Promoted Fanboy: Bruce Forsyth wrote to Paul Merton asking if he could host one of the shows, saying he really enjoyed them. Sure enough...
Role-Ending Misdemeanor: Angus Deayton was presenter until lurid tales of drugs and disguised prostitutes came to light. He was mocked relentlessly on the show and had his salary slashed, and was then booted out later that year after more stories came to light (having promised the show's producers that there wasn't anything else that could come out). Paul Merton later claimed that it wasn't Deayton's behaviour itself that led to his dismissal, but rather that it would make it near-impossible for him to fulfill his role of skewering politicians and other public figures for the exact same behaviour; the few episodes he filmed after the story broke suffer for that very reason.
Screwed by the Network: The 39th series, shown in Spring 2010, was moved out of the Friday slot the show had occupied for nineteen years to a Thursday slot. The reason given for this was so they could show an Election special on May the 6th, the day Britain went to the polls. However, it then turned out that if the Thursday broadcast went ahead, the show would not be allowed to discuss the election at all in case they influenced the way people voted (as it would be broadcast before polls had closed). The episode was hence hastily rescheduled... for the day after, which was of course a Friday. Quite why the BBC thought they could put a satirical news programme on before the polls had closed on election day under broadcasting regulations is beyond anyone.
Streisand Effect: After an executive order that said Peter Mandelson's private life was not to be discussed, the show went out of its way to basically imply all it could without outright violating the ban for some time. Eventually, Paul essentially said "fuck it":
Ian: We're not allowed to say on The BBC that Peter Mandelson is a hom...eowner. Paul: What's wrong with gay people owning homes?note Although the ban had probably been relaxed by this point anyway, or it would have been cut
Undermined by Reality: Why Angus was sacked, effectively; he couldn't credibly continue to satirise people in the headlines after he ended up in them himself.
When Merton was teamed with disgraced ex-MI 5 agent David Shayler displayed on a television satellite feed with a two-second delay, he refused to play along for the first half of the show (due to Merton's strong belief that timing is the most important part of comedy, which a two-second delay greatly interfered with) and even turned the television off at one point. Stephen Fry treated said ex-agent quite viciously as well, beginning by referring to him as "David Traitor" and going from there.
The same thing happened when the BBC were instructed to shut up about Peter Mandelson's sexuality, as the panel and audience basically followed the orders to the letter.

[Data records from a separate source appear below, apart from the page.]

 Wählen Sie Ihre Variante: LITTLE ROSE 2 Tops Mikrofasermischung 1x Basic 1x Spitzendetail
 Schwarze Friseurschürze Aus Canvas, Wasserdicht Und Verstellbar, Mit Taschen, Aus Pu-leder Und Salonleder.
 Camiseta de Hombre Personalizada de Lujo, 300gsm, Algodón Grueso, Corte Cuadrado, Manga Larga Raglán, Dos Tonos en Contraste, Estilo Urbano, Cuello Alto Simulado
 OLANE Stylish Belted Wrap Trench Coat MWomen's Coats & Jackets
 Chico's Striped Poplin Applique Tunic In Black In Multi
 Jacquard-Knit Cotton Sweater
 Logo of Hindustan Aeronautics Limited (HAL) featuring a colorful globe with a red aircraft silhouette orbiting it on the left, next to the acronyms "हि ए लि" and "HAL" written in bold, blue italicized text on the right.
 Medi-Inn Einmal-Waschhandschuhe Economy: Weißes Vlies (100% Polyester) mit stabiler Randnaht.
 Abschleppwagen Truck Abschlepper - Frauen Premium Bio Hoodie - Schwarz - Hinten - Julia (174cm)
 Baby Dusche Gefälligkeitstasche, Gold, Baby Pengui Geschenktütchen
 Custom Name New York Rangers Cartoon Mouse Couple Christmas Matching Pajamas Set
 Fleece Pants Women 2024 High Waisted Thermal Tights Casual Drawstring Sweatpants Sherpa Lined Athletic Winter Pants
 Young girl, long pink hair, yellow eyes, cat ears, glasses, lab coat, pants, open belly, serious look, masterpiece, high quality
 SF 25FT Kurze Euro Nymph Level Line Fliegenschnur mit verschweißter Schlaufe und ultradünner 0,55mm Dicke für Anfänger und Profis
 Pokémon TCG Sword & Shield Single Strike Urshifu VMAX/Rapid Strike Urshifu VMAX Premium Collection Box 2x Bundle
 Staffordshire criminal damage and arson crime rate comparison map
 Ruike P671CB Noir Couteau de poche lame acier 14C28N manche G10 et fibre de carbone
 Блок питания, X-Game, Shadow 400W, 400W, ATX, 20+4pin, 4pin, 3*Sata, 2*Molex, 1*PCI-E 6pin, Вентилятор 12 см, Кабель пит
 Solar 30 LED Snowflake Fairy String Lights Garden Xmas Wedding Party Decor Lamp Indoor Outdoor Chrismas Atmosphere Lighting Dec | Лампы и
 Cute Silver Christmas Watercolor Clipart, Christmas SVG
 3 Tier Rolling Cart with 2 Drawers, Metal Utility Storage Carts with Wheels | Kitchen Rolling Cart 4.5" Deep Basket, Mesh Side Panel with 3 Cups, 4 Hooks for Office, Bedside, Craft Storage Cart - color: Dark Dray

After an episode in the buildup to the 2019 EU Elections got blocked because one of the guests was Change UK party leader Heidi Allen, the mood of the next episode could be pretty much be summed up as "we dare you to try and censor this one"
Ian is the only person to appear in every episode, as Paul took a sabbatical during Series 11 (saying he felt the show had become stuck in a rut, and his absence — during which he was replaced by a series of guest captains — gave it the shot in the arm it needed.) He also missed one episode in Series 36 due to illness.
There are three people who have played every possible role in the show's format: host, team captain and guest. One of those is Paul Merton himself, who appeared as Ian's guest on the first episode of Series 11 and hosted the first post-Deayton episode. The other two are Clive Anderson and Frank Skinner, both of whom have stood in for Paul as team captain (Anderson was captain for two episodes in Series 11, and Skinner on the Series 36 episode Paul mised due to illness).